January 25, 2017

According to a report from CNBC, Donald Trump's Mar-A-Lago raised membership fees from $100,000 to $200,000.

I'm sure that has nothing to do with the fact that he intends to use Mar-A-Lago as an occasional retreat from the White House. Oh, wait.

Either way, a membership at Mar-a-Lago now includes a chance to mingle with the 45th president. Trump plans to use the resort as his occasional "Winter White House." He has visited twice since his election — first for Thanksgiving and then over Christmas and New Year holidays.

It would be instructive to know who will pay those higher fees. Will his foreign partners and friends be paying more for some access to the president?

Tell me more about how Trump isn't benefitting financially from his office? But wait! There's more. Bloomberg reports that the Trump Organization has changed their plans to build hotels around the world and instead plans more in the United States.

Trump Hotels Chief Executive Officer Eric Danziger suggested the company’s broad U.S. ambitions while saying it shelved plans for expansion in China, where the president’s comments have already led to rocky diplomatic relations.

“There are 26 major metropolitan areas in the U.S., and we’re in five,” Danziger said after a panel discussion Tuesday at the Americas Lodging Investment Summit in Los Angeles. “I don’t see any reason that we couldn’t be in all of them eventually.”

Since Trump hasn't actually transferred ownership of his businesses to his sons, but instead just the management, he will certainly benefit from the branding of his hotels here in the United States, right?

Of course, his foreign partners aren't left in the cold. At the inaugural, they got VIP treatment according to Mother Jones.

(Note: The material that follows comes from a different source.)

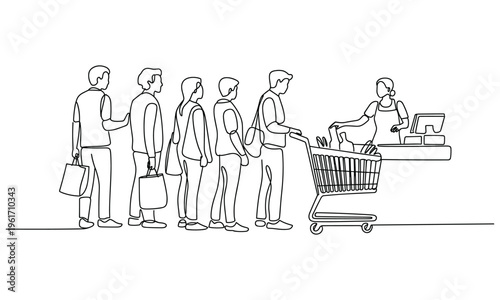 People queue at a grocery store checkout payment.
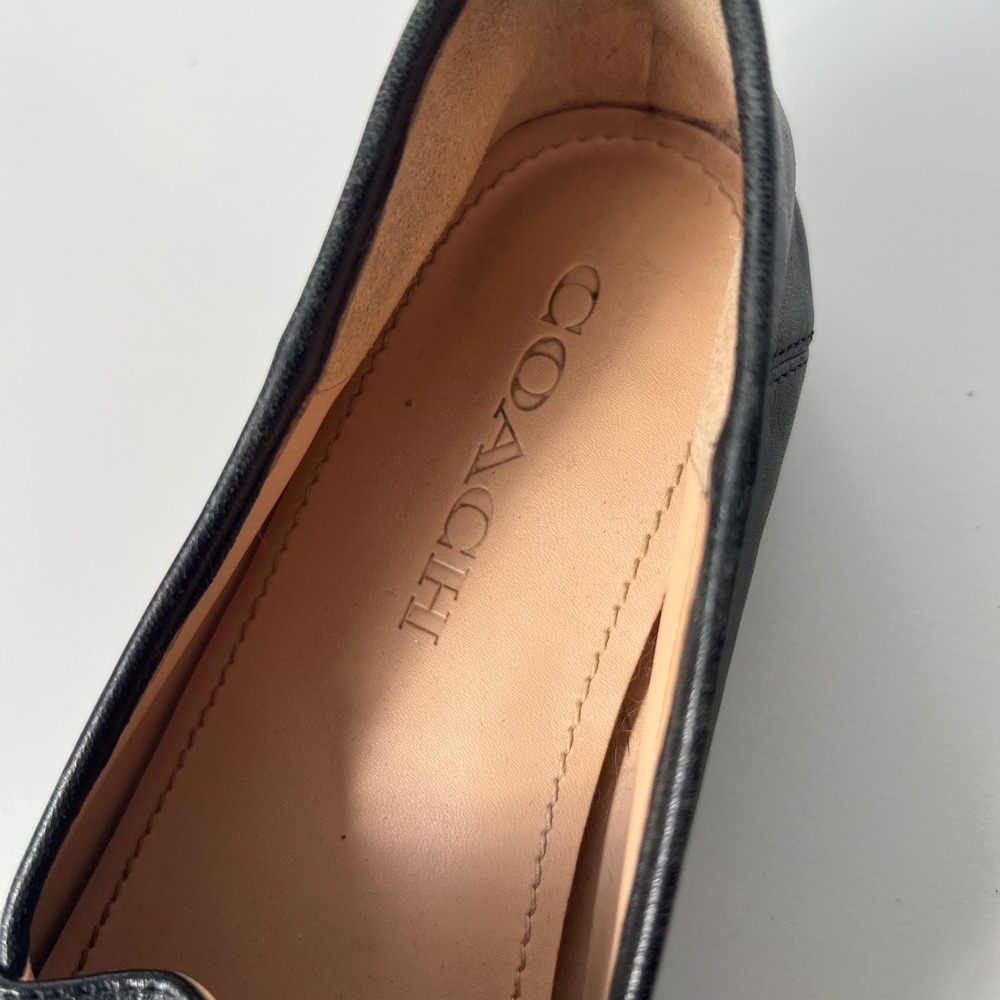 Coach Helena Loafers Size 8 Black Leather Gold Chain Link C Logo Flats Shoes - Picture 9 of 11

But Trump made clear that existing foreign deals would remain in place. Partners in two of those projects—Tanoesoedibjo, with whom Trump is developing a pair of luxury resorts in Indonesia, and Hussain Sajwani, a Dubai-based real estate developer who has licensed Trump's name for luxury villas and lush desert golf courses—attended the inaugural festivities.

It's possible he should just continue to do this out in the open, because it's giving CREW a lot of ammunition for their lawsuit, filed last week.

Since Trump refused to divest from his businesses, he is now getting cash and favors from foreign governments, through guests and events at his hotels, leases in his buildings, and valuable real estate deals abroad. Trump does business with countries like China, India, Indonesia and the Philippines, and now that he is President, his company’s acceptance of any benefits from the governments of those countries violates the Constitution. When Trump the president sits down to negotiate trade deals with these countries, the American people will have no way of knowing whether he will also be thinking about the profits of Trump the businessman.

“President Trump has made his slogan ‘America First,’” said Bookbinder. “So you would think he would want to strictly follow the Constitution’s foreign emoluments clause, since it was written to ensure our government officials are thinking of Americans first, and not foreign governments.”

CREW is represented in the case by an all-star team of top constitutional scholars, ethics experts and litigators who have combined to argue 45 cases before the Supreme Court. The lawyers on the case include CREW’s board chair and vice-chair Norman Eisen and Richard Painter, the top ethics lawyers for the last two presidents, Constitutional law scholars Erwin Chemerinsky, Laurence H. Tribe and Zephyr Teachout, and Deepak Gupta of Gupta Wessler PLLC.